Section 1

Several principles are key to assuring that the Web becomes ever more valuable. The primary design principle underlying the Web’s usefulness and growth is universality. When you make a link, you can link to anything. That means people must be able to put anything on the Web, no matter what computer they have, software they use or human language they speak and regardless of whether they have a wired or wireless Internet connection. The Web should be usable by people with disabilities. It must work with any form of information, be it a document or a point of data, and information of any quality—from a silly tweet to a scholarly paper. And it should be accessible from any kind of hardware that can connect to the Internet: stationary or mobile, small screen or large.

Section 2

Allowing any site to link to any other site is necessary but not sufficient for a robust Web. The basic Web technologies that individuals and companies need to develop powerful services must be available for free, with no royalties., for example, grew into a huge online bookstore, then music store, then store for all kinds of goods because it had open, free access to the technical standards on which the Web operates. Amazon, like any other Web user, could use HTML, URI and HTTP without asking anyone’s permission and without having to pay. It could also use improvements to those standards developed by the World Wide Web Consortium, allowing customers to fill out a virtual order form, pay online, rate the goods they had purchased, and so on.

Section 3

Keeping the web universal and keeping its standards open help people invent new services. But a third principle—the separation of layers—partitions the design of the Web from that of the Internet.

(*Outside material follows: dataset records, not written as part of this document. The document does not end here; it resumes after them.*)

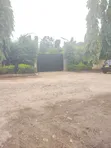 Residential Plot for Sale, Oysterbay Guinea Road - 1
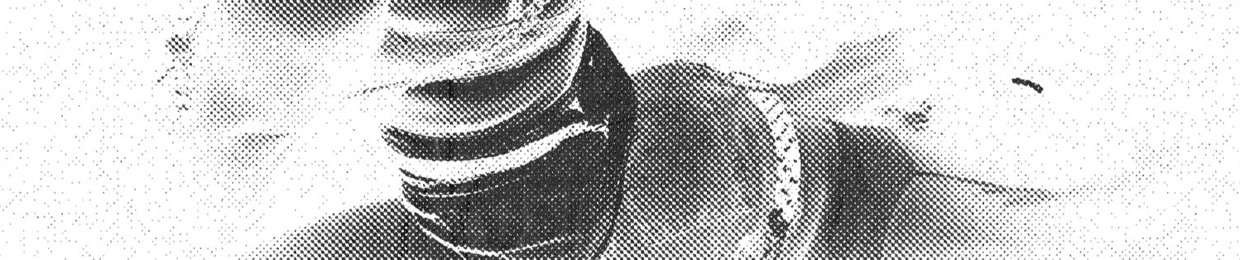 LASCIVA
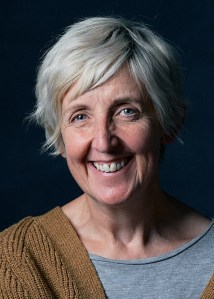 Hesmondhalgh, Julie (credit James Melia)_crop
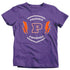 products/personalized-athletics-shirt-y-put.jpg
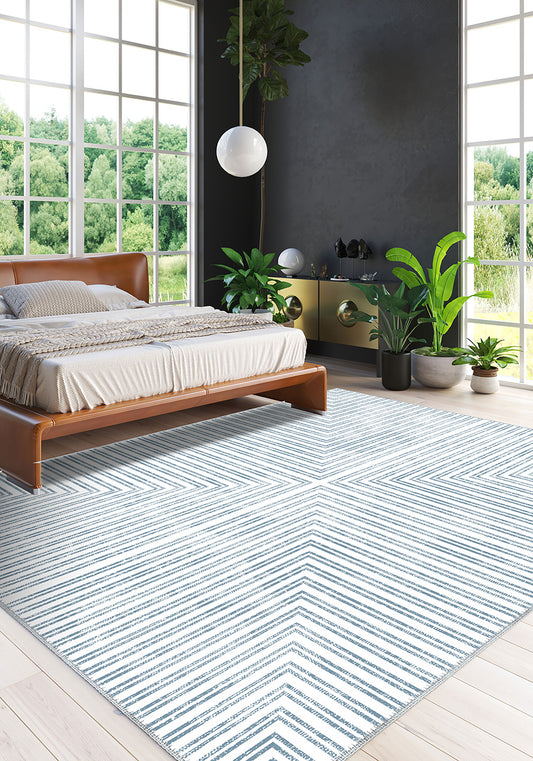 Bedroom Rugs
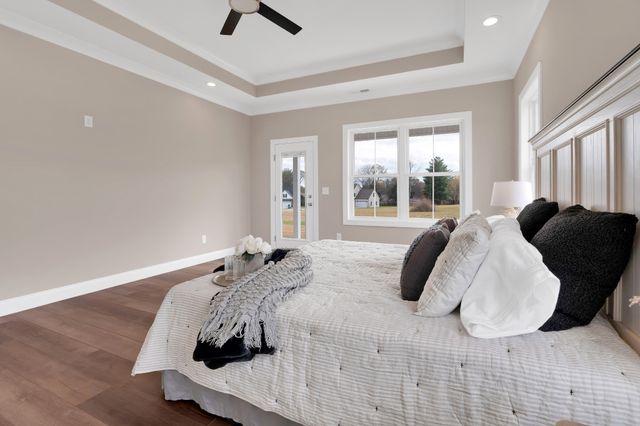 249 Lookout Dr, Winchester, TN 37398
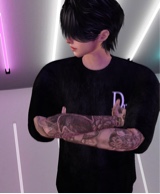 avpic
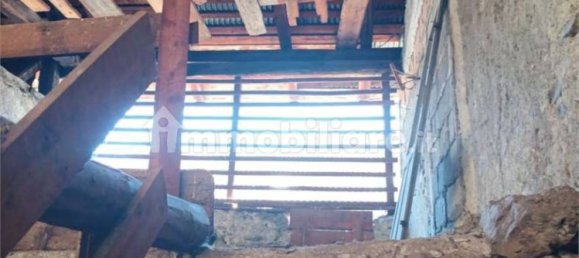 5 rooms House in Terzolas, Italy No. 203763 12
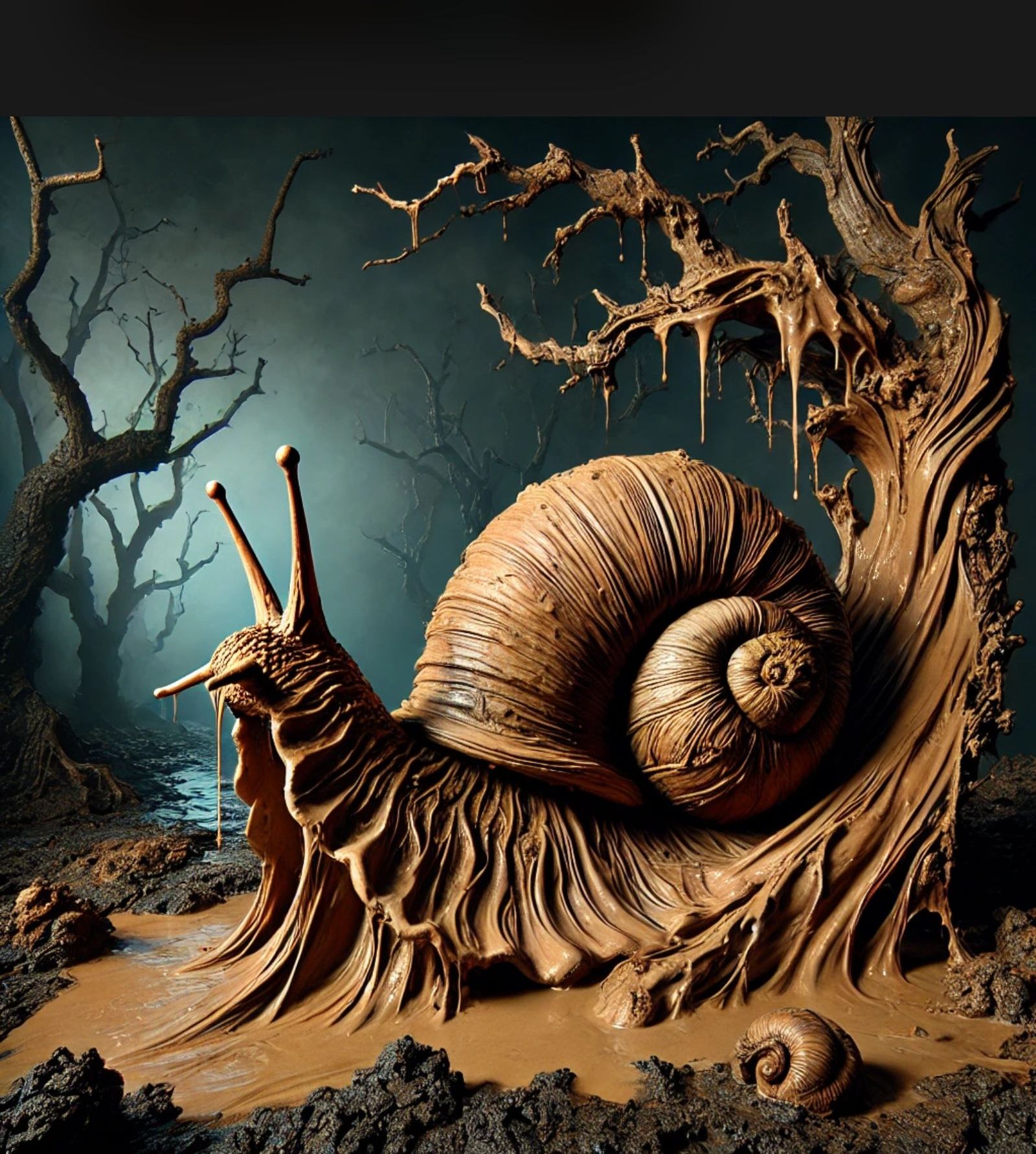 Snail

This separation is fundamental. The Web is an application that runs on the Internet, which is an electronic network that transmits packets of information among millions of computers according to a few open protocols. An analogy is that the Web is like a household appliance that runs on the electricity network. A refrigerator or printer can function as long as it uses a few standard protocols—in the U.S., things like operating at 120 volts and 60 hertz. Similarly, any application—among them the Web, e-mail or instant messaging—can run on the Internet as long as it uses a few standard Internet protocols, such as TCP and IP.